Demand 5: come for a ride with the Melbourne BUG to experience Melbourne’s roads from a bike

Motorists should get on their bike and see what it’s like for cyclists, Transport Minister Terry Mulder said recently. Mulder admitted that he’s not a cyclist himself.

Mulder’s supportive comments did not go unnoticed by cyclists. It’s true that the roads look different from a bike. For example, what seems like a safe passing distance to a driver doesn’t always seem safe to a cyclist. And when cyclists refuse to ride within narrow painted bike lines painted next to parked cars, and instead ride to the right of them, it’s not because they’re trying to hold up traffic, it’s because they’re trying to avoid getting clobbered by a car door!

That’s why we’re inviting Mulder to follow through with his comment, and come for a ride with the Melbourne Bicycle Users Group. We promise to make it fun and enjoyable. And experiencing the roads from a bike will help him understand what works and what doesn’t.

Demand number 4: review the road rules to remove barriers to safe cycling

Sally is riding out of the city on a busy road, heading towards an excellent bicycle route.  She needs to turn right.  Rather than cut across two lanes of fast-moving traffic, Sally pulls onto the footpath at a pedestrian crossing and crosses with the pedestrian lights.

Sally did this because she was looking out for her own safety.  But at the same time, Sally breached the road rules that make it an offence for a cyclist to ride on a footpath, and to cross at a pedestrian crossing.

Ideally, Sally wouldn’t have to make this call, because there would be more safe bike lanes forming a coordinated network across the city.

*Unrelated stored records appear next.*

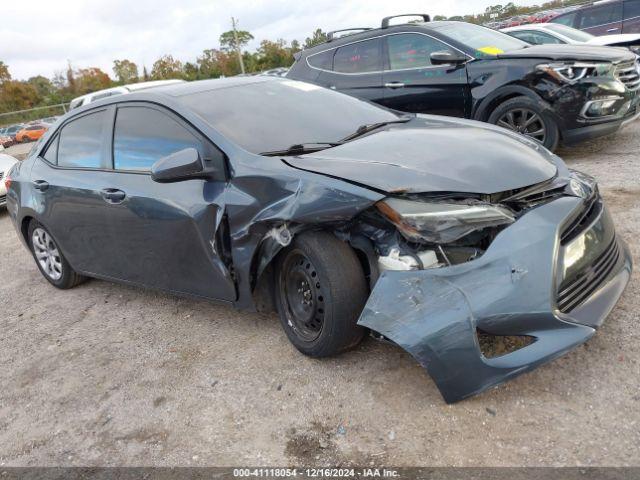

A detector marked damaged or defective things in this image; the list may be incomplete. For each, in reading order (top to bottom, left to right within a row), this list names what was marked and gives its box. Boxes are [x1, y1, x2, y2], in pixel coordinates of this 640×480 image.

crushed hood [498, 44, 632, 62]
broken headlight [536, 62, 612, 83]
crushed hood [288, 117, 556, 194]
damaged sedan [5, 77, 632, 404]
broken headlight [376, 198, 516, 244]
crumpled front bumper [358, 197, 632, 404]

But until that happens, we believe that cyclists should not be punished for taking defensive action.

We think these offences don’t look at the reality of roads from a cyclist’s perspective. Even the definition of a ‘road’ in the road rules implies that roads are for cars.

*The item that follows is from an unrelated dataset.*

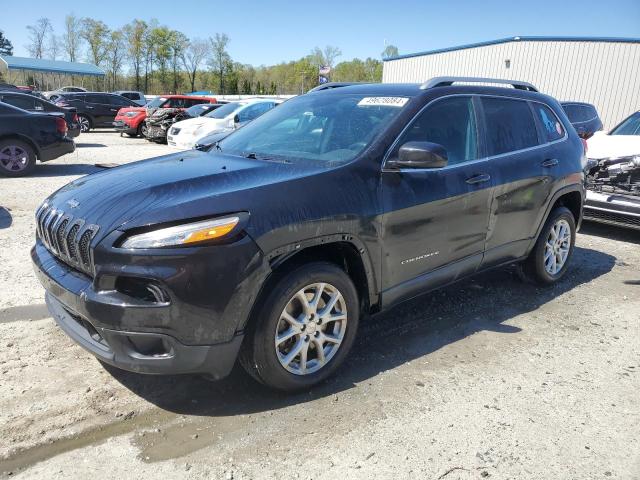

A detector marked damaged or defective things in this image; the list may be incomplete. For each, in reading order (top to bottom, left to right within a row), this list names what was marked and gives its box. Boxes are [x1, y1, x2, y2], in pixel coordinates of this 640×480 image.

damaged vehicle [144, 103, 226, 144]
damaged vehicle [584, 109, 640, 230]
damaged vehicle [33, 78, 584, 390]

The car dooring bill goes some way to addressing the inadequate penalties that currently apply to car drivers who endanger cyclists.  But we would like to see a broader review of all road rules – looking at strategies to make it safer (such as clear rules on safe passing distances), and looking at removing barriers to safe cycling.

What do you think?  Are there road rules that just don’t make sense for cyclists?